To address the key questions regarding Chaco, the seminar participants decided that the digital archive should initially focus on five sites in the Chacoan World.  Beginning with Pueblo Bonito, the largest and most important of the great houses as well as the one that has been most completely excavated, is a logical and critical first step in creating the Archive.  The problems that will need to be addressed and solved in digitizing the Bonito data encompass the full range of issues that will arise as we work with additional information from Chaco.  As we work with the Pueblo Bonito materials recovered by the Hyde Exploring Expedition and with the data from Judd’s later research, we also will incorporate information from three small house sites, currently known as Bc 50, 51, and 53, and from the outlying Chacoan great house of Aztec some 50 miles distant in a region connected to the canyon by the long North Road.
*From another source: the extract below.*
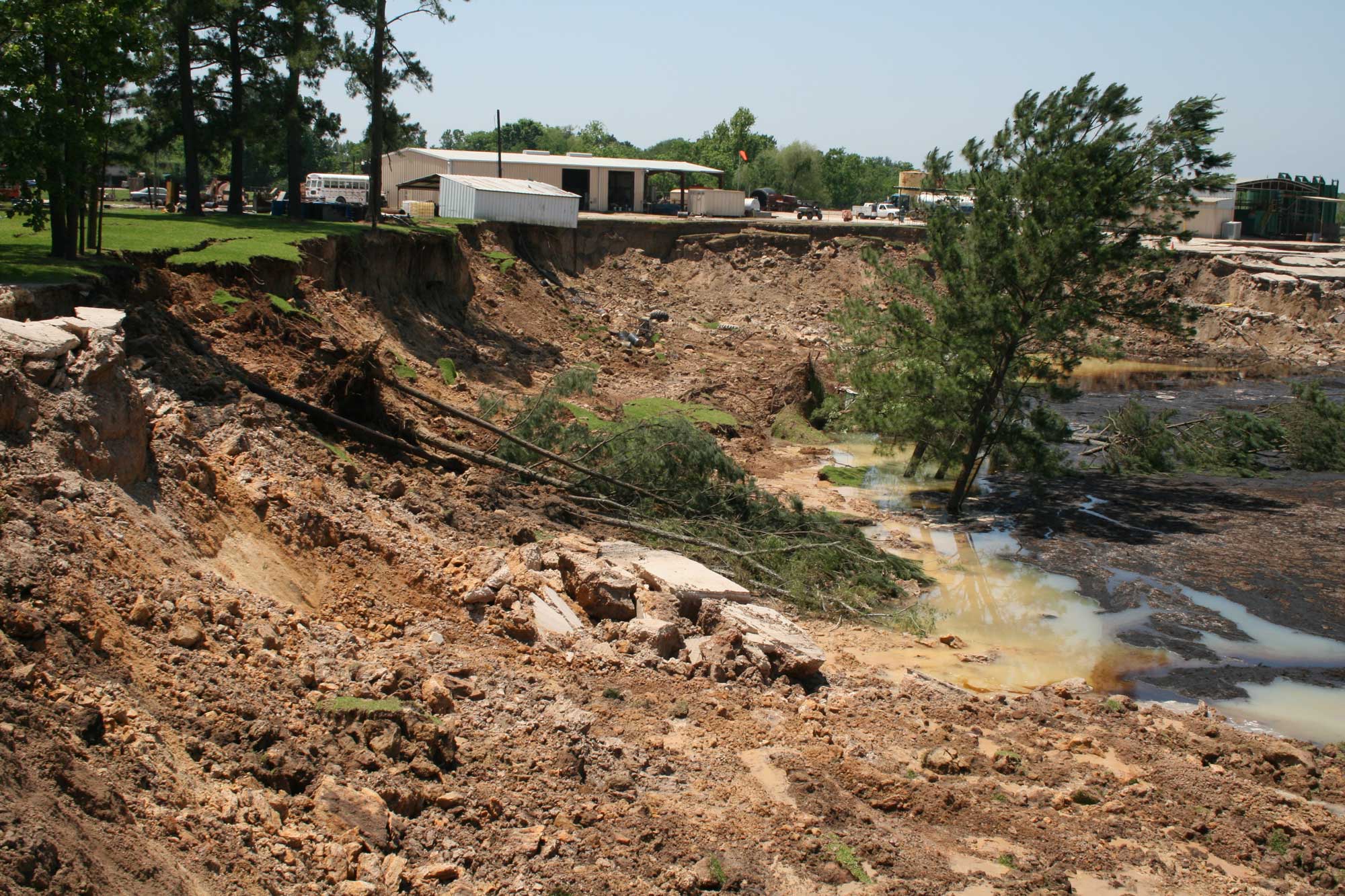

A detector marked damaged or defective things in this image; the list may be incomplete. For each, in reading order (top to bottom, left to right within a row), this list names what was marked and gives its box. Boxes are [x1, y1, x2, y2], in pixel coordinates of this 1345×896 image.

broken concrete slab [0, 316, 81, 358]
broken concrete slab [603, 538, 753, 613]
broken concrete slab [699, 600, 823, 678]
At the end of their discussion, the seminar participants enthusiastically endorsed the need to create the Chaco Digital Archive and outlined initial plans to move forward toward that goal. The group collectively agreed to serve as a Steering Committee that will cooperate in developing the archive and seeking funding to support its creation, and Stephen Plog, of the University of Virginia, assented to lead that effort.